EXERCISE
Return exactly, please, the lines from the one containing "Чорні бутси KING PRO FG/AG Football Boots 5" to the last line of the entries below, and nothing else, leaving pictures out.

ENTRIES SUPPLIED
--------------------

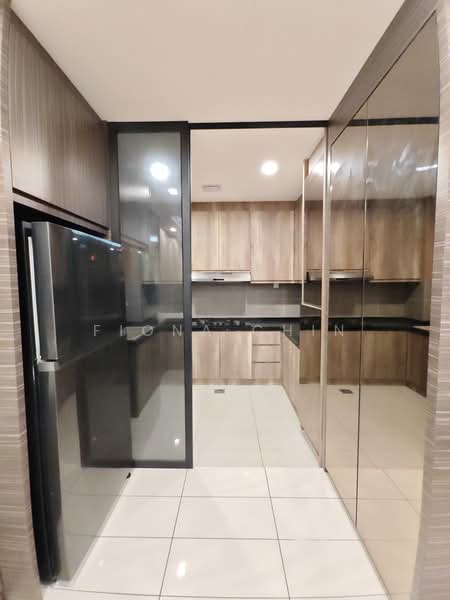 Service Residence for Rent at The Potpourri - Fiona Chin - Kitchen - PropertyGuru.com.my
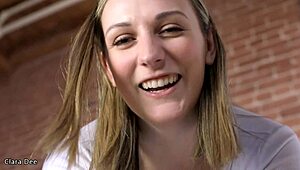 My Strap-On Dominates Your Small Dick in POV Pegging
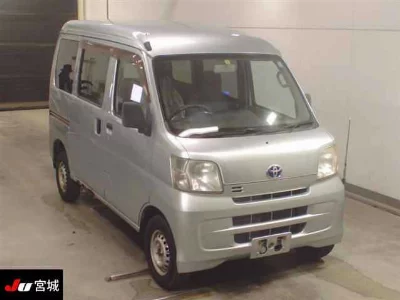 Daihatsu Hijet Cargo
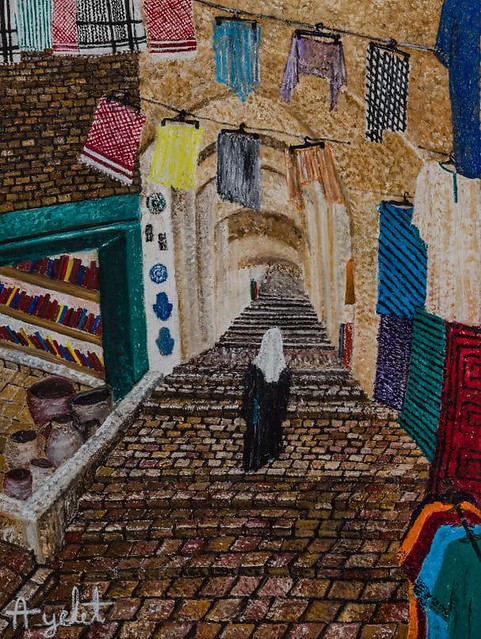 איילת בוקר  ayelet boker  ציירת אמנית ישראלית עכשווית מודרנית הציירת האמנית הישראלית העכשווית המודרנית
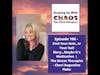 Episode 106 - Find your Halo or your Hail Mary...Maybe it's Meditation | Cheri Augustin Flake LCSW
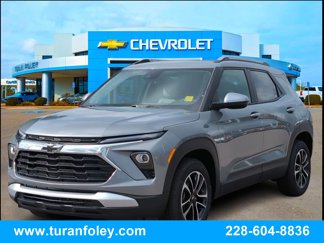 New 2025 Chevrolet TrailBlazer LT w/ Driver Confidence Package image 1
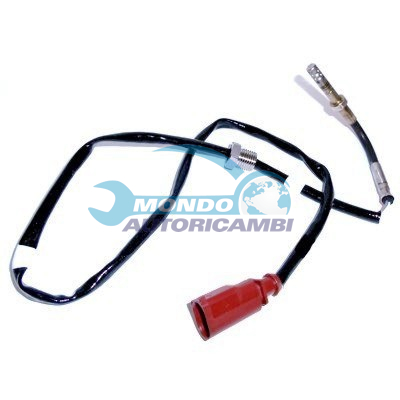 Sensor de temperatura de los gases de escape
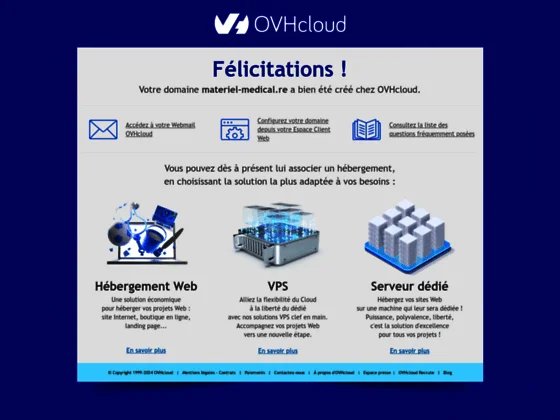 Reunion medical service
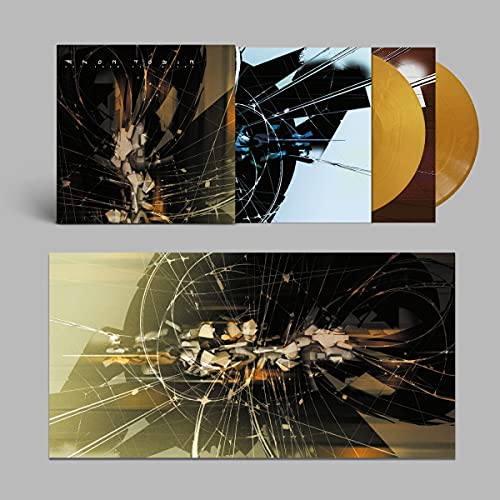 AMON TOBIN - OUT FROM OUT WHERE (OPAQUE GOLD LP)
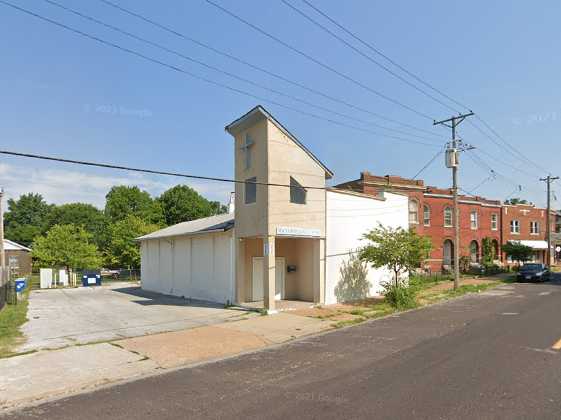 New Journey Baptist Church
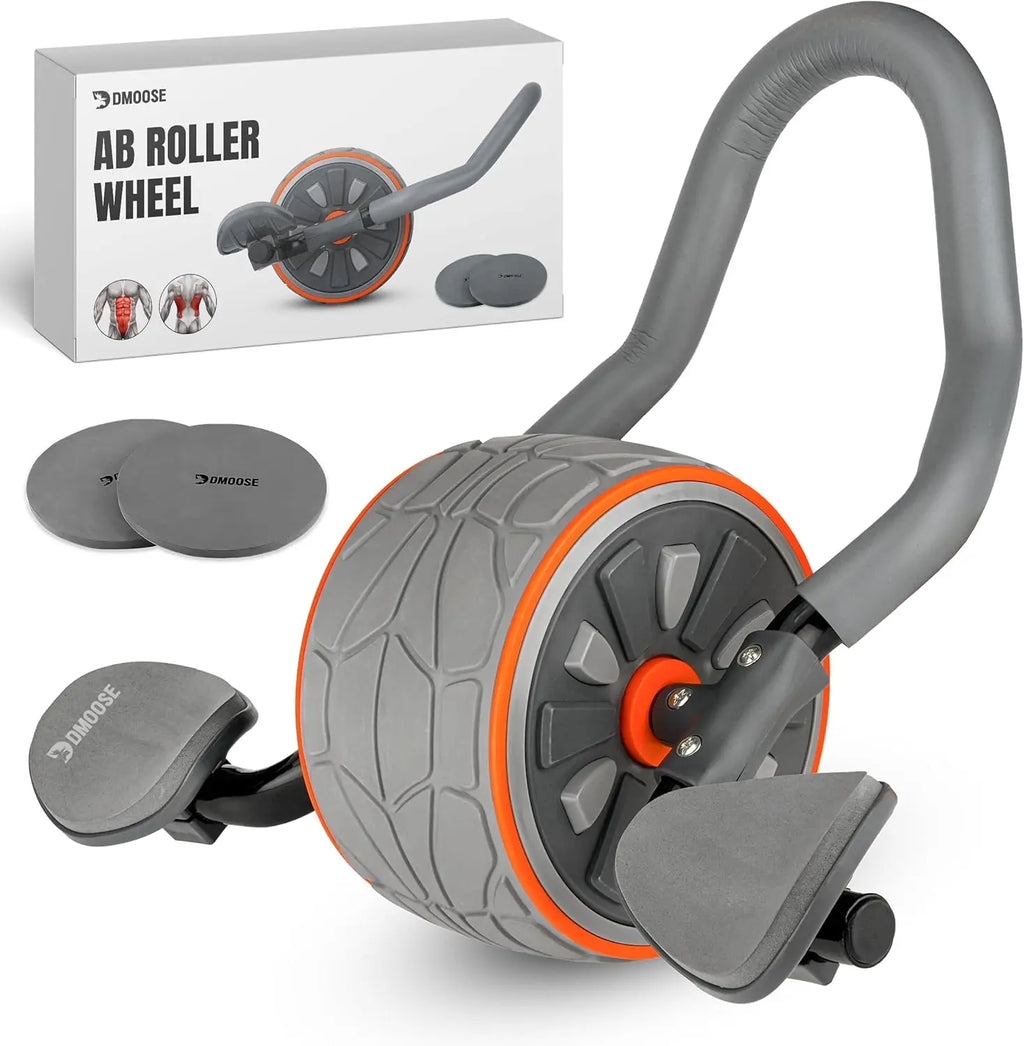 Elbow Support Ab Roller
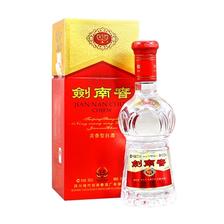 再降价:剑南春 水晶剑 52度 浓香型白酒 500ml 单瓶装
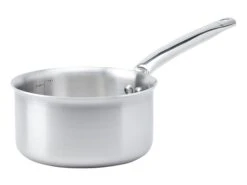Casserole Inox Alchimy - Multicouche - Ø 18 Cm - De Buyer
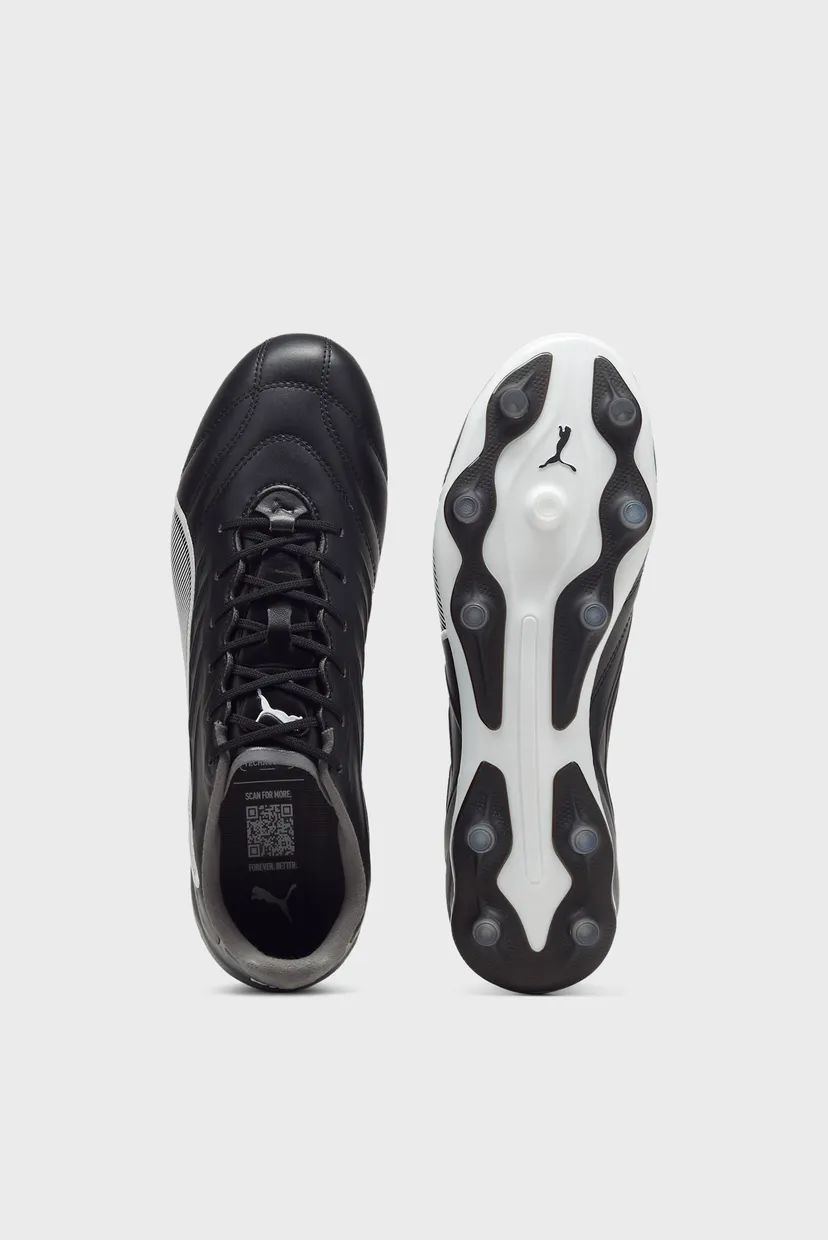 Чорні бутси KING PRO FG/AG Football Boots 5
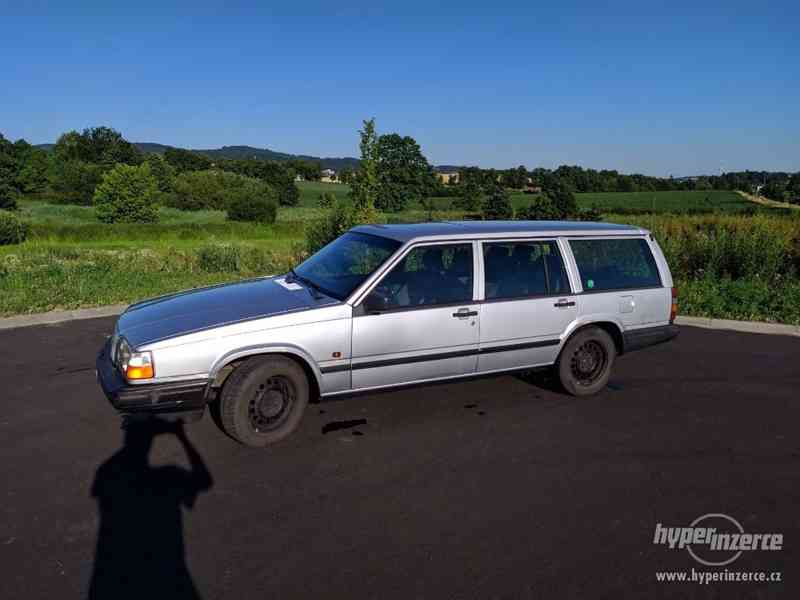 Volvo 940 2,3 GLE [benzín] - 1993 - foto 3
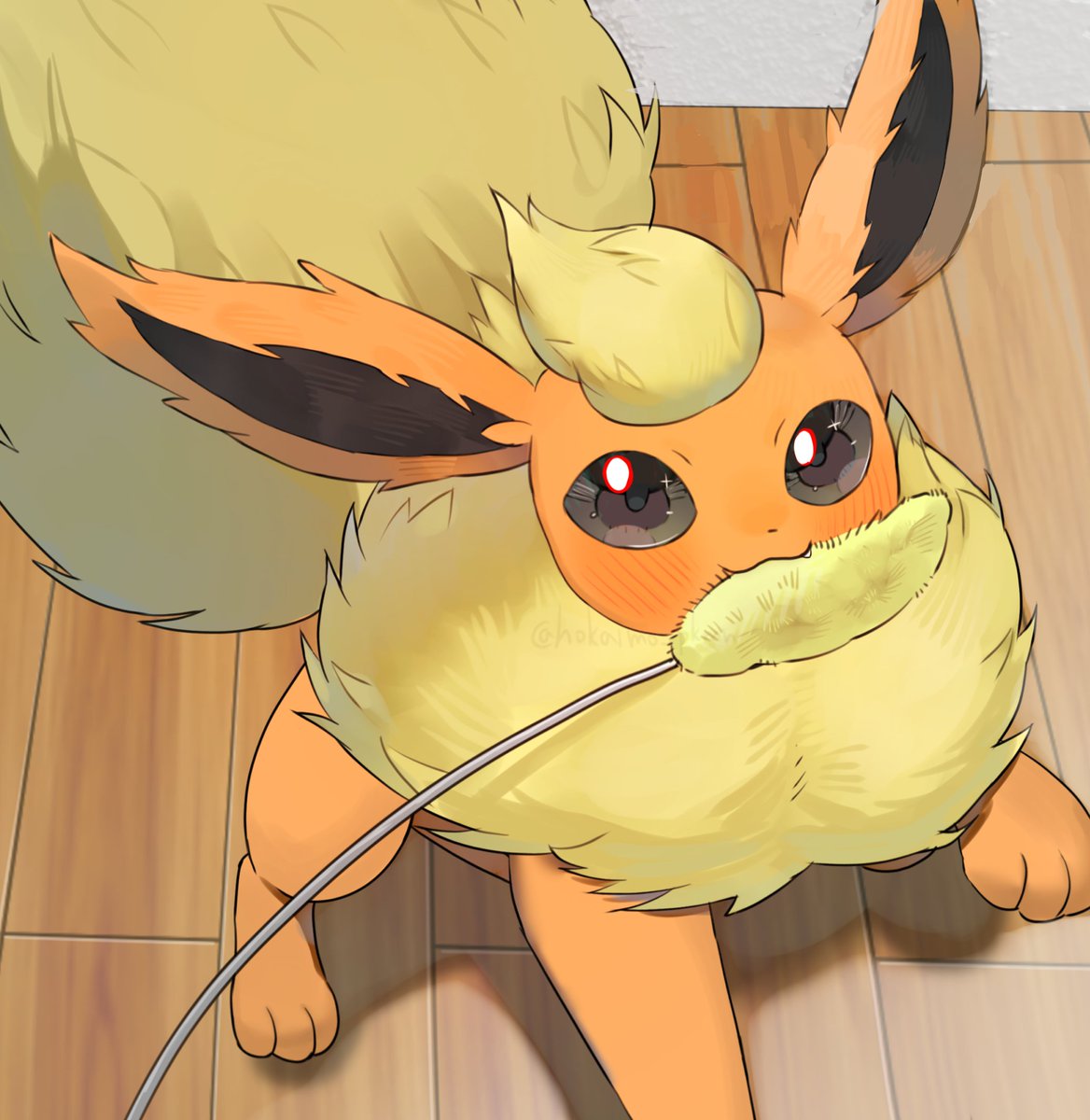 ほかいも tweet media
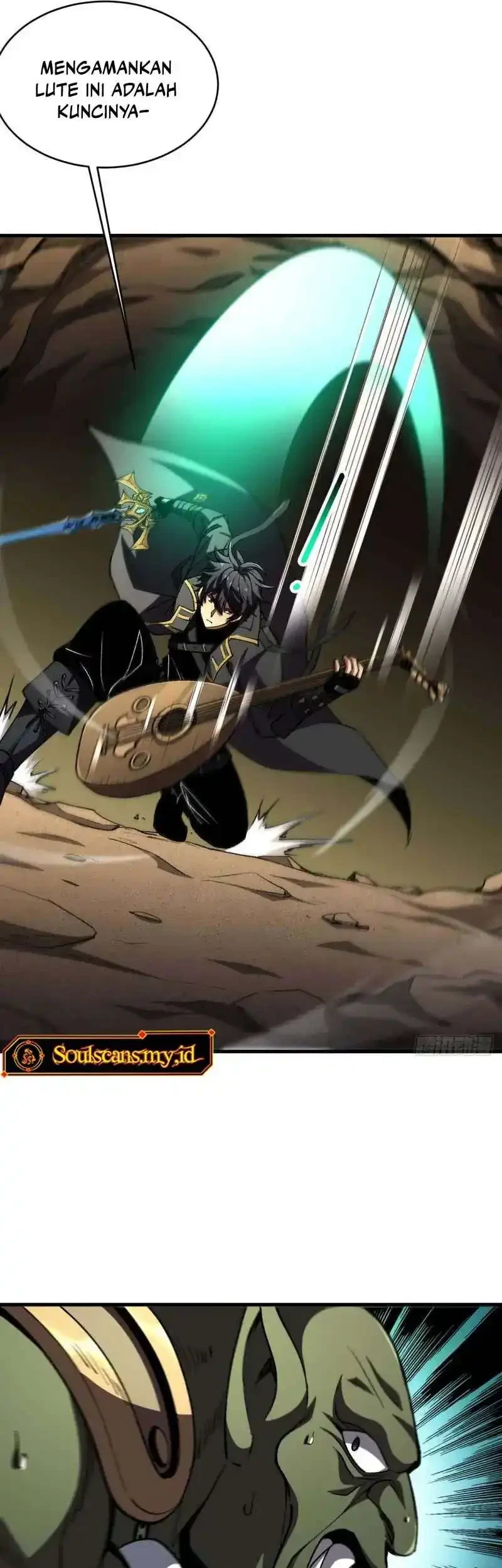 Lord of Summons! Sudden Mutation Chapter 111 Gambar 22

--------------------

RESULT FOR THIS TASK
 Чорні бутси KING PRO FG/AG Football Boots 5
 Volvo 940 2,3 GLE [benzín] - 1993 - foto 3
 ほかいも tweet media
 Lord of Summons! Sudden Mutation Chapter 111 Gambar 22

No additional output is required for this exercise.